Starting with the line that holds "Könnte beinhalten: Ein" and stopping after the line that holds "A close-up of", repeat the lines below word for word, without the pictures.

*EXCERPTED RECORDS*
BEGIN

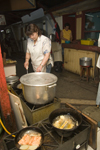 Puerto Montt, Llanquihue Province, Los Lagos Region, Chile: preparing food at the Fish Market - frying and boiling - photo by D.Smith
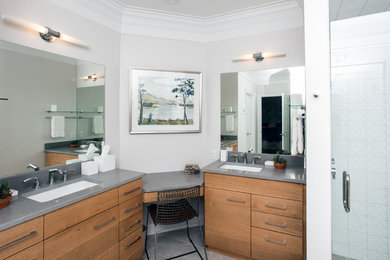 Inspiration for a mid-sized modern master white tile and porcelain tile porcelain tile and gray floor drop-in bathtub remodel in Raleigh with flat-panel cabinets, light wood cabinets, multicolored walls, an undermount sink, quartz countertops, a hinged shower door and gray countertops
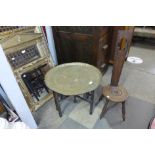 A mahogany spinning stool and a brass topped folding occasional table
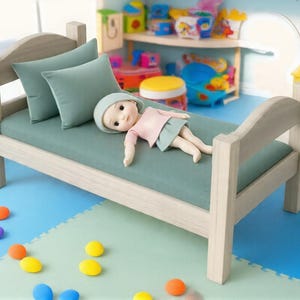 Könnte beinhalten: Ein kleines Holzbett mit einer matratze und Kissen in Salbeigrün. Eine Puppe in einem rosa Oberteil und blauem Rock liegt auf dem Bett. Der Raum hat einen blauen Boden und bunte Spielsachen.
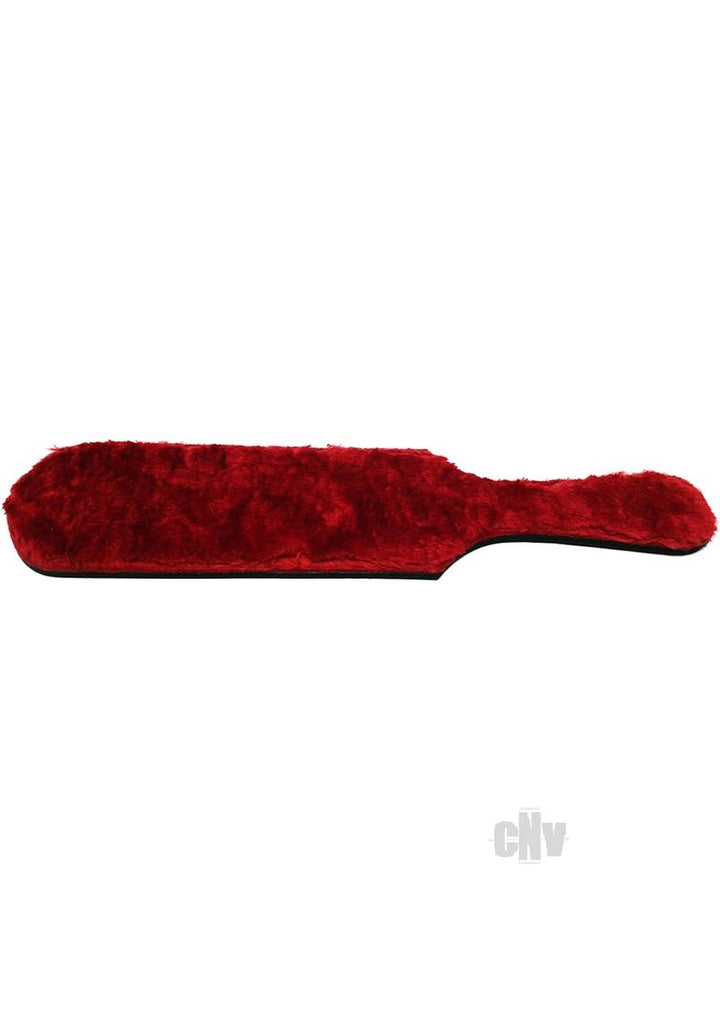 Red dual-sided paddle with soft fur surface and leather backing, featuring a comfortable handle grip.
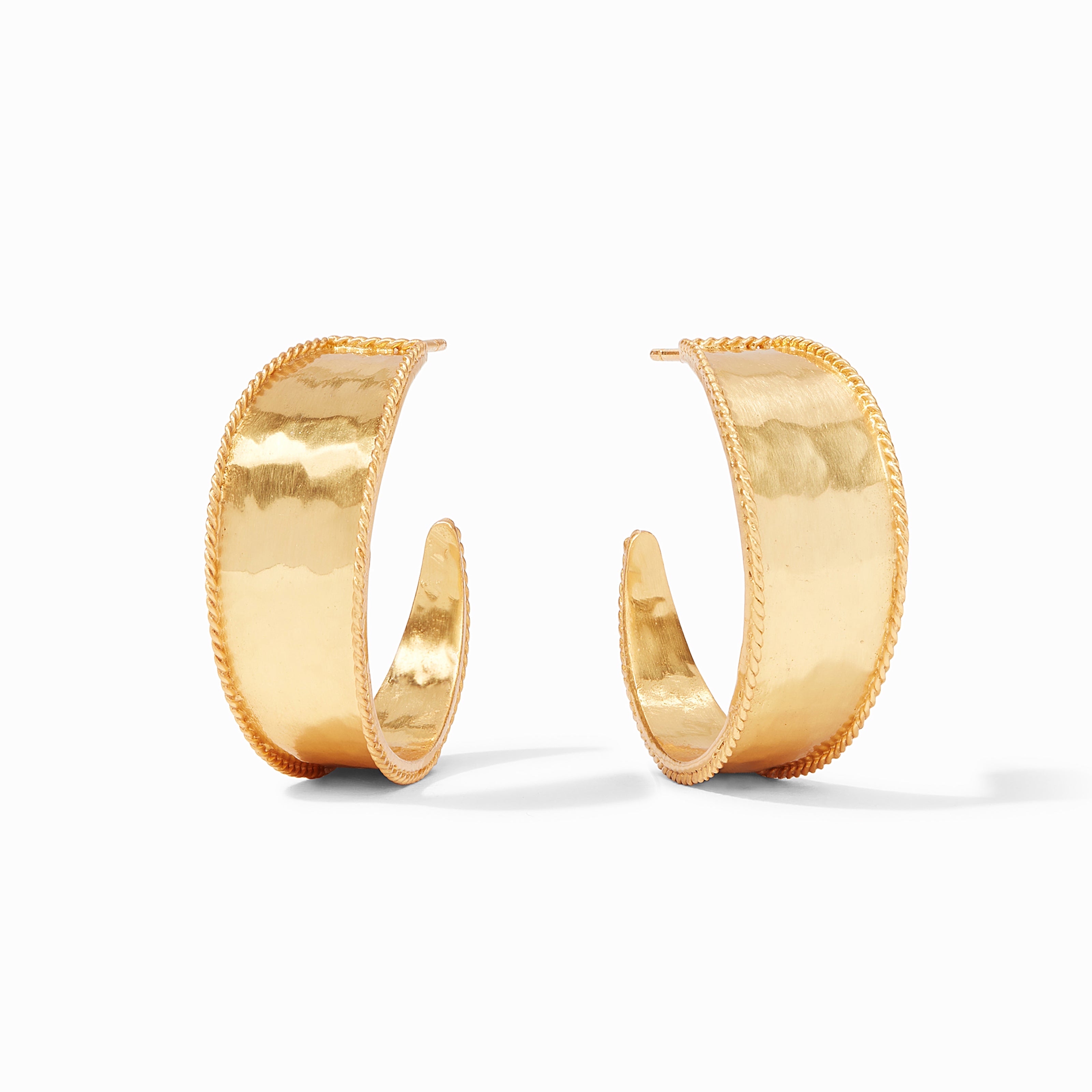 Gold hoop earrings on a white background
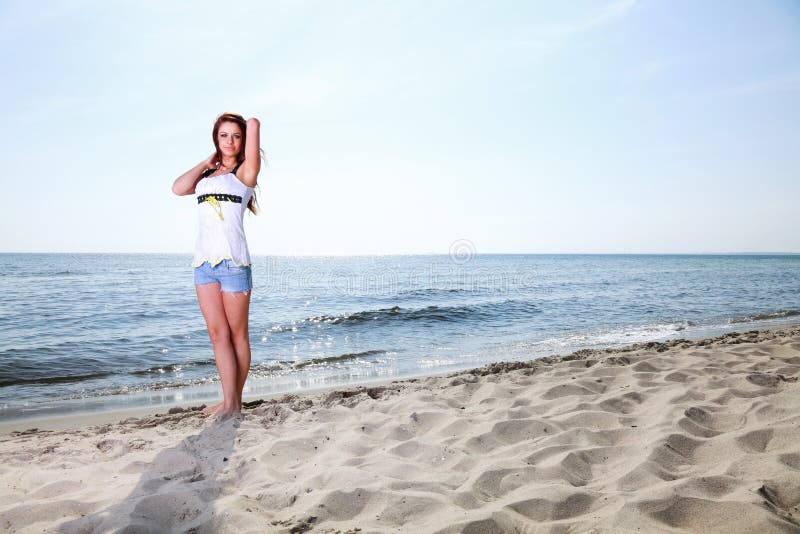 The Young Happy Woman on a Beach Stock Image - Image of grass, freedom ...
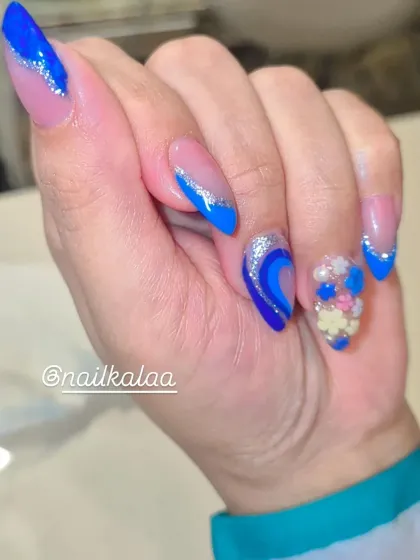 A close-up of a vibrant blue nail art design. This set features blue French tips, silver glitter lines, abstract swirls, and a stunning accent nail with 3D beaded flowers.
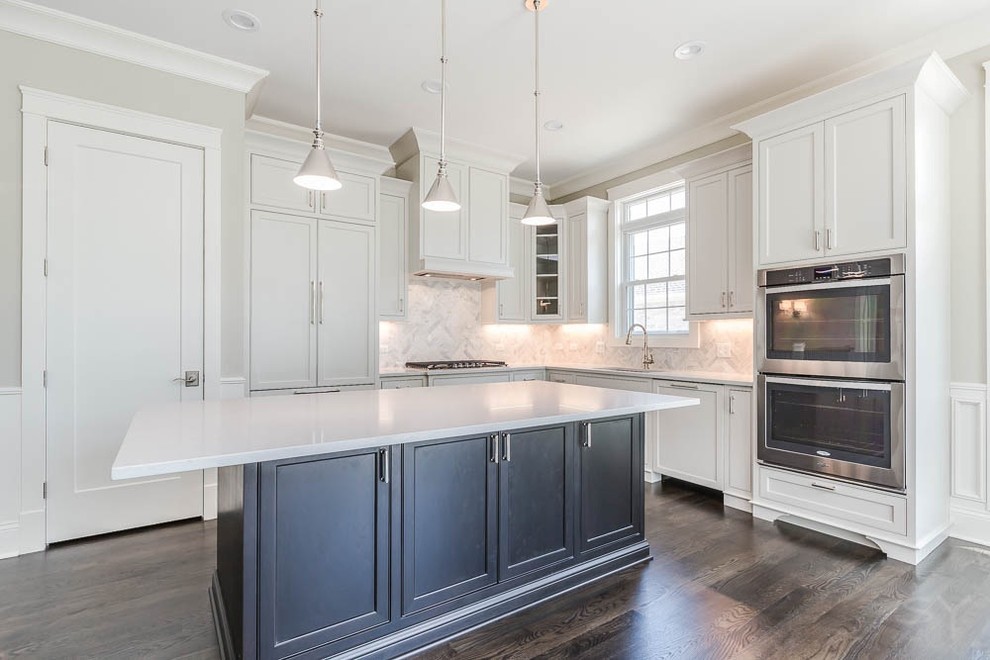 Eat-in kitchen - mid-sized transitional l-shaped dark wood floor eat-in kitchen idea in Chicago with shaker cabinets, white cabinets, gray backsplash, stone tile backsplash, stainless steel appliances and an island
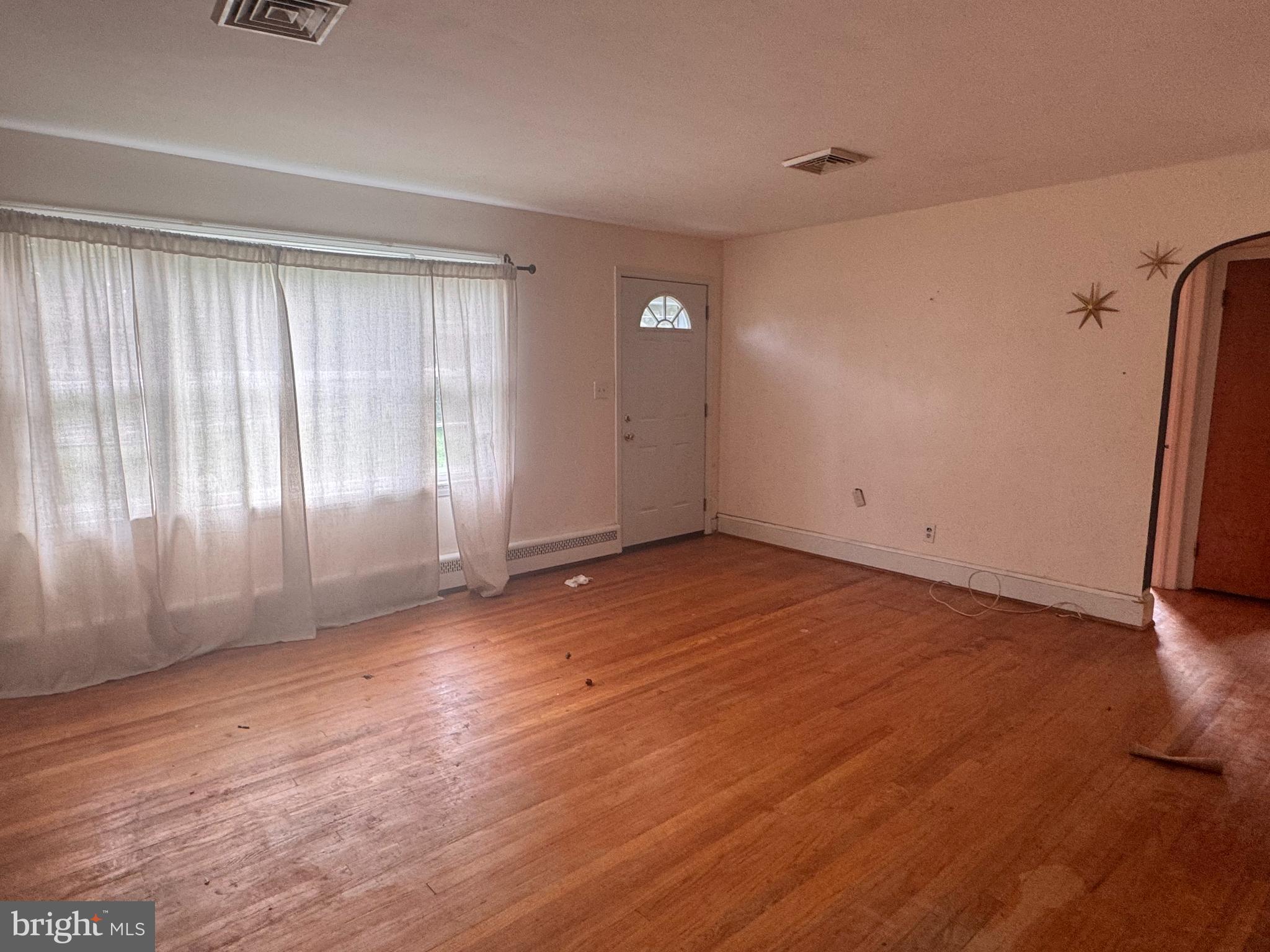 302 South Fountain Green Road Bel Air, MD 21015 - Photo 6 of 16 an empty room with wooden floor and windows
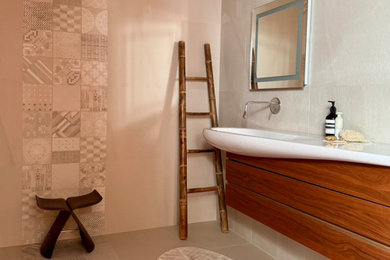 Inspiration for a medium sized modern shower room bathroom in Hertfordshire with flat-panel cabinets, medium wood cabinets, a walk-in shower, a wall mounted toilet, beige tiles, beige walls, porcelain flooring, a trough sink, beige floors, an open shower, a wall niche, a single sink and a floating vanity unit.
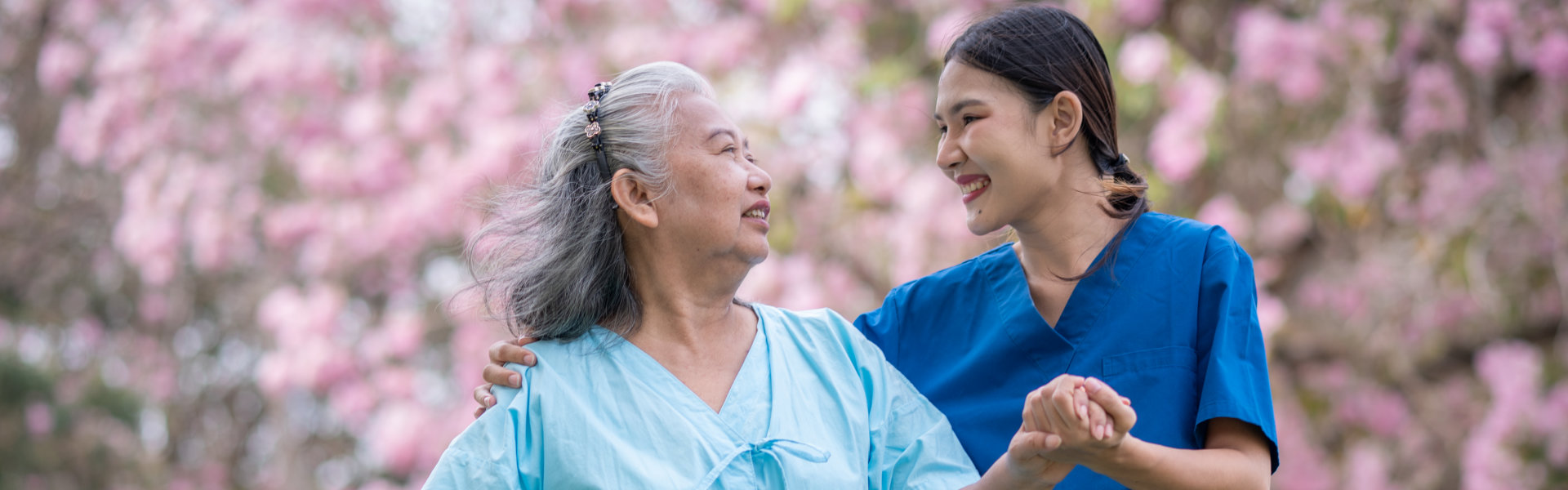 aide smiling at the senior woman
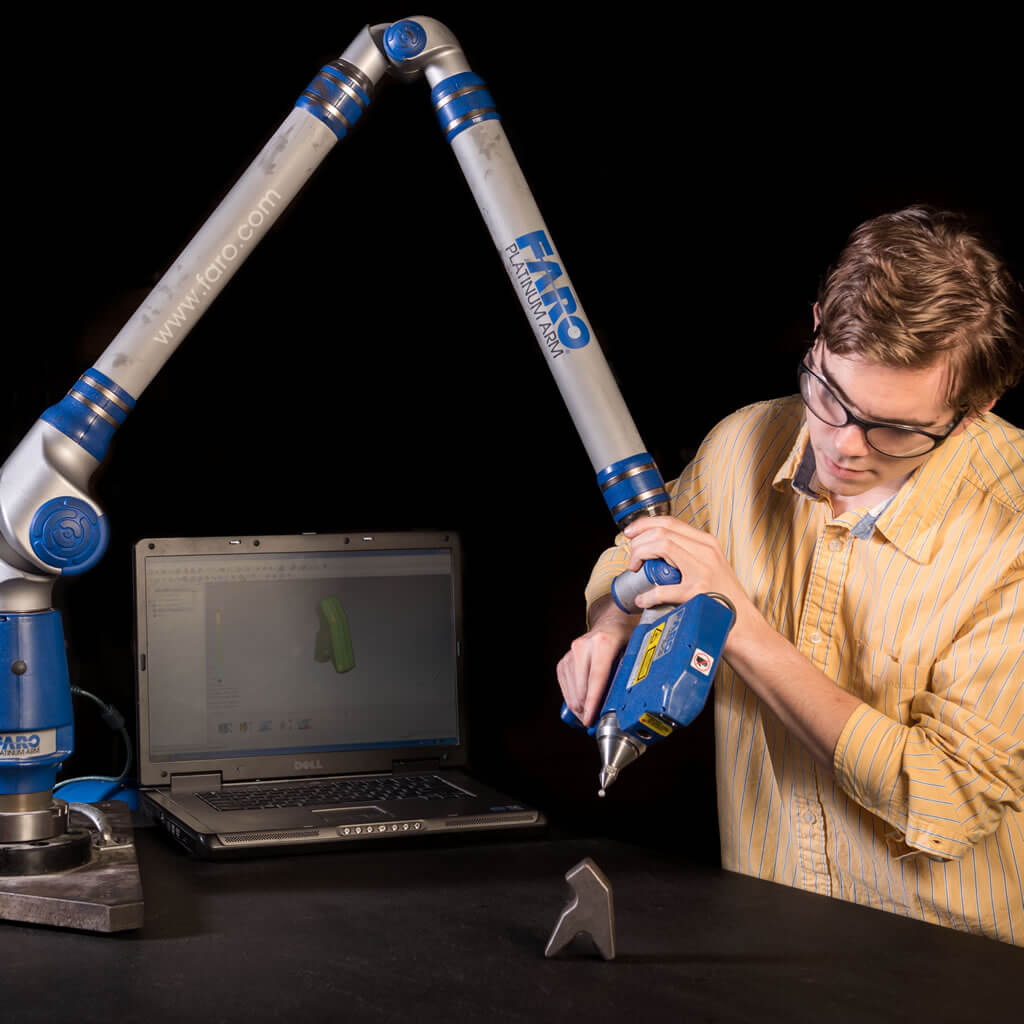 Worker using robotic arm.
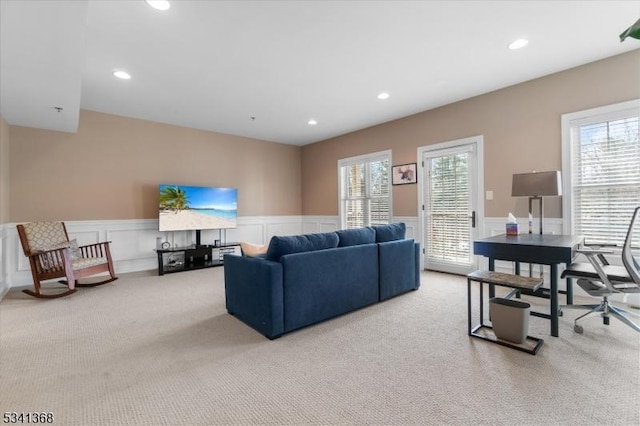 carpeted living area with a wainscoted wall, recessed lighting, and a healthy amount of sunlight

END

*OUTPUT OF THE TASK*
 Könnte beinhalten: Ein kleines Holzbett mit einer matratze und Kissen in Salbeigrün. Eine Puppe in einem rosa Oberteil und blauem Rock liegt auf dem Bett. Der Raum hat einen blauen Boden und bunte Spielsachen.
 Red dual-sided paddle with soft fur surface and leather backing, featuring a comfortable handle grip.
 Gold hoop earrings on a white background
 The Young Happy Woman on a Beach Stock Image - Image of grass, freedom ...
 A close-up of a vibrant blue nail art design. This set features blue French tips, silver glitter lines, abstract swirls, and a stunning accent nail with 3D beaded flowers.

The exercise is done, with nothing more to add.